4) A is row equivalent to the n x n identity matrix because two matrices are row equivalent if we can get from one to the other by applying a finite set of elementary row operations.
After writing the augmented matrix for this system, use elementary row operations to reduce this to a reduced row-echelon form. If the entries in the last column do not affect the values in the entries in the first n columns and if we take the same set of elementary row operations and apply them to A we will get In and so A is row equivalent to In since we can get to In by applying a finite set of row operations to A.
5) In linear algebra, an n-by-n (square) matrix A is called invertible, non-singular, or regular.
If an n-by-n matrix exists the matrix must be square.
6) A is expressible as a product of elementary matrices because every elementary matrix is invertible and its inverse is also an elementary matrix.
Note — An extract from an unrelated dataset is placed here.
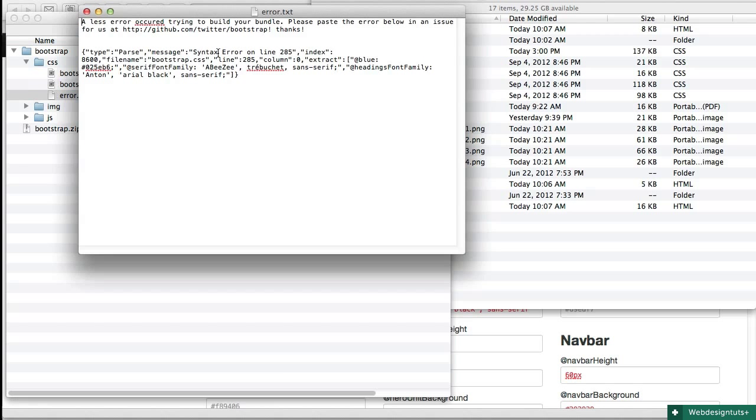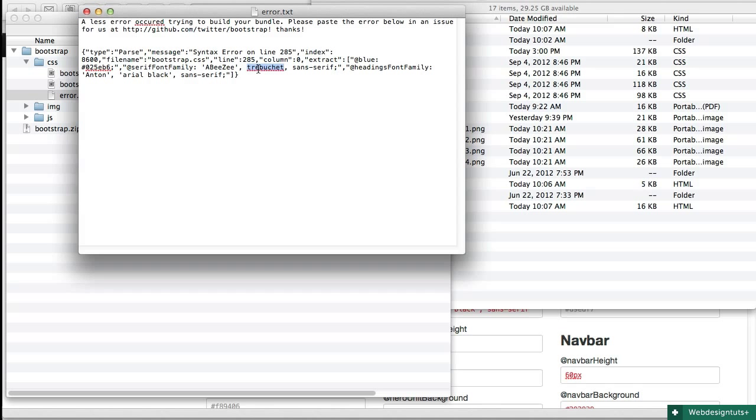You open that up, it'll tell you right in here where some trouble is, and the thing that actually caused all the trouble in this case was our little accent over the E.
A square matrix is only invertible if it can be written as a product of an elementary matrix.
7) A family of vectors is linearly independent if none of them can be written as a linear combination of infinitely many other vectors in the collection. An alternative method uses the fact that n vectors in Rn are linearly dependent if and only if the determinant of the matrix formed by the vectors is zero.
8) To prove that columns span Rn, finding the basis of the column space is essential. Then you must reduce the matrix and see if the rank = n; there has to be n linearly independent. columns, which is very easy to see if the matrix is reduced. The basis is the columns of the original matrix, not the columns of the reduced form. An invertible matrix A, determinant (A) != 0 (not equal to zero).
9) The columns of A form a basis of Rn. basis B of a vector space V is a linearly independent subset of V that spans (or generates) V.
In more detail, suppose that B = { v1, …, vn } is a finite subset of a vector space V over a field F. Then, B is a basis, if it satisfies the following conditions:
• the linear independence property,
for all a1, …, an ∈ F, if a1v1 + … + anvn = 0, then necessarily a1 = … = an = 0; and
• the spanning property,
for every x in V it is possible to choose a1, …, an ∈ F such that x = a1v1 + … + anvn.
10) Rank A = n because, in linear algebra, the column rank (row rank respectively) of a matrix A with entries in some field is defined to be the maximal number of columns (rows respectively) of A which are linearly independent.
The column rank and the row rank are equal; this common number is simply called the rank of A. It is commonly denoted by either rk (A) or rank A.